だとしたら何かの事情でシートの布が破れてしまったのだろうか。

事情ってなに?こわいんですけど。

そんなところだろう。

 

僕がサラリーマンだったら同じように席から離れて、ドア近くにもたれかかってグラブり始めるんだろうけど、エーデルワイス門田はお笑い芸人だ。

お笑い芸人は常にエピソードトークの種を探している。

何かハプニングが起こることを期待している。

街でヘイトスピーチめいたものを見かければわけもわからず近寄ってみるし、

調味料がいっぱいあるタイプのラーメン屋では薄目を開けて大雑把に選んだものを勢い良くふりかけてみる。

山崎まさよしばりにいつでもハプニングを探しているのだ。

 

探してるという言葉が出ると芸人はすぐ山崎まさよしを連れてくるのだが、

「one more time one more chance」はもう10年以上前の曲だ。

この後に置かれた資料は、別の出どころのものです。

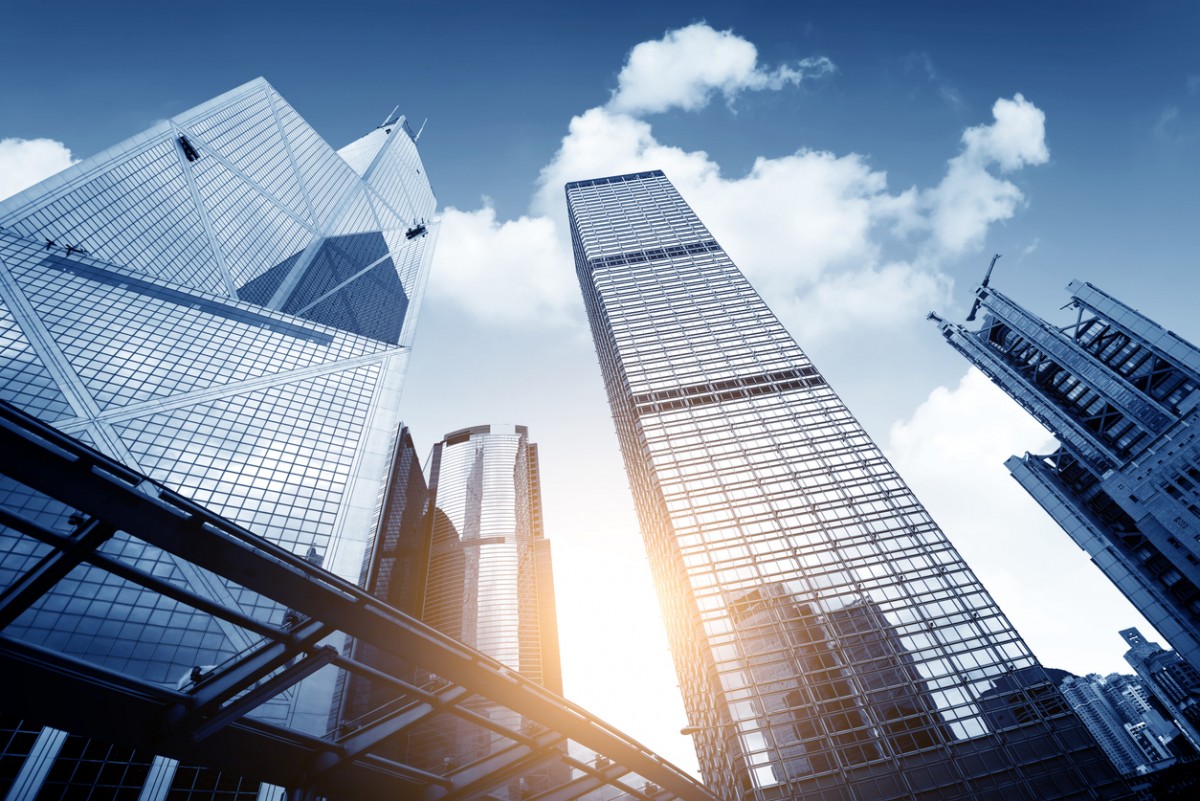 《彭博》近日報道指出,「港區國安法」引起海外客戶和供應商對香港網絡服務和營運數據的擔憂,有個別在港的外國初創企業,已將數據與員工撤出香港。另有企業正制定方案,將業務遷移到香港以外的地區。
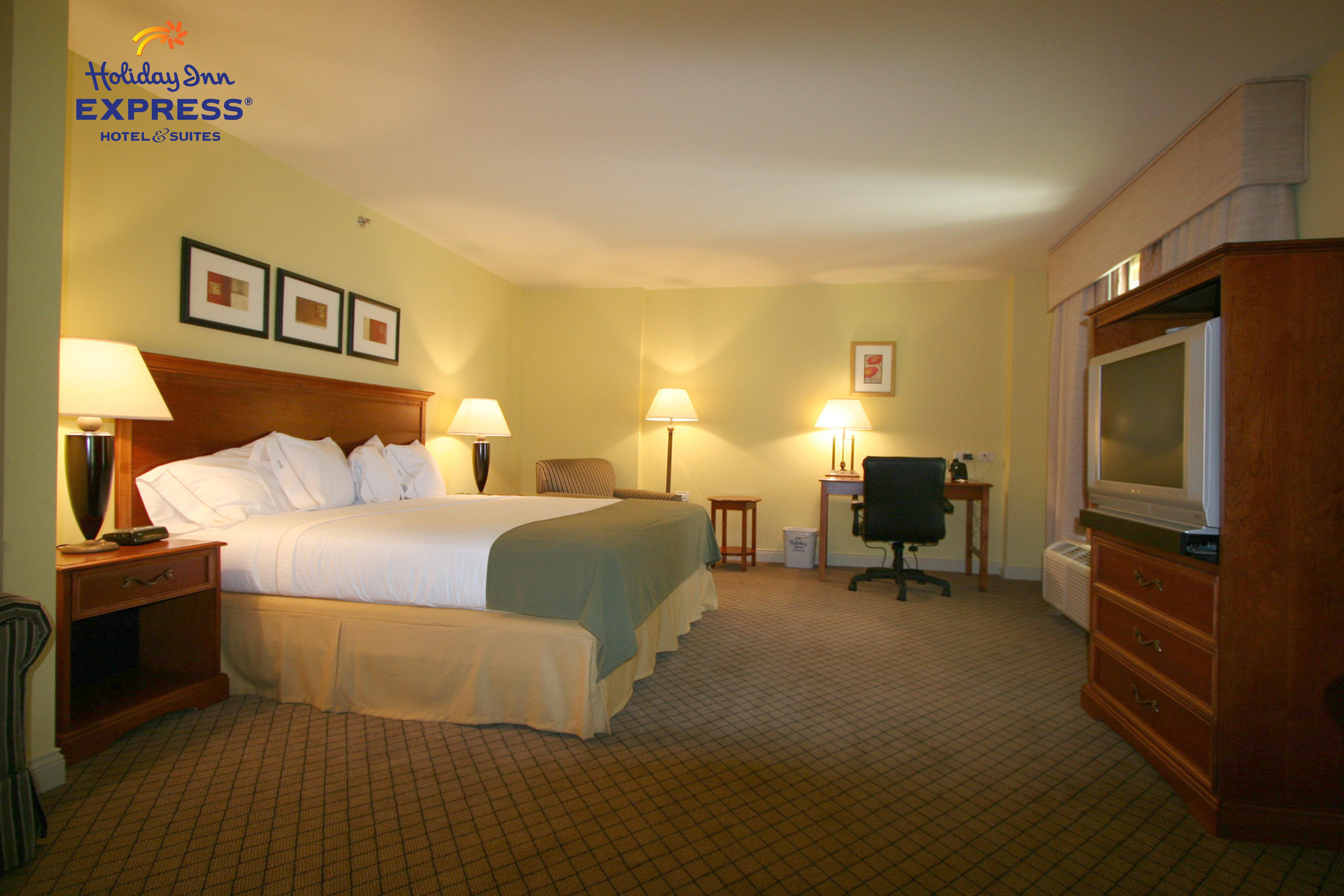 Hotel Express Trincity By Ihg Piarco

そろそろ探してるソングをアップデートしてもいいんじゃないかと思って調べてみたが

西野カナが「Set me free」という曲中「いつも寄ってたコンビニ」「手を繋いでだ帰り道」で「あなた」を探してるくらいで

山崎まさよしほど色々なところを探してる人は見つからなかった。

探してるソングを探してるという時間ほど無駄なものはないので話を戻すと

ハプニングを期待して僕はその席に座ってみることにしたのだ。

 

結果からいうと何も起こらなかった。

布の下の状況はわからなかったし、座り心地はとても良かった。

周りの人にも何も言われることもなく快適に降車駅にたどり着いてしまった。

 

なので以下に起こってほしかったハプニングを書いていく。

 

・布の下がなぜか水でビショビショ

・見習い忍者の隠れ身の術だったらしく、座った瞬間うめき声

・市村正親が「君がお尻に敷いてるの、僕がミス・サイゴンで着るジャケットだから」と取り返しにくる

 

大喜利の弱さを露呈した所で、

この文章で皆さんに伝えたかったことは何かというと、

ハプニングを期待しているお笑い芸人っぽい人を見かけたら何か話しかけてあげると喜ぶよ。

ということだ。

 

写メをとって「常磐線にすげー勇気あるやついる!」とツイートしてくれるだけでもいいし、

「よくそんなとこ座れんな!」と悪態をついてくれてもいい。

 

そうするとお笑い芸人はその話を膨らませ

ライブのオープニングで

「こないだめっちゃ腹立つ事あってんけど・・」と

終盤とのコントラストをつけるために

わざと低いトーンで話し始めるのだ。

 

そんなこと言われても街中にいるお笑い芸人なんて見分けられないよ!

という方のために売れてないお笑い芸人の見つけ方を教えよう。

 

肌の質感は衰えているのに服装は若い。

大きな荷物はコント師で、スケッチブックはピン芸人。

足元はだいたい原色のスニーカー。

NIKEだったらよしもとクリエイティブ・エージェンシー、

ニューバランスならワタナベエンターテインメント、

sauconyなら人力舎。

ただ、その人のカバンから白シャツ黒ズボンが見えたら話しかける必要はない。

その人はシュール系なのでエピソードトークよりも突飛な設定を探している最中だ。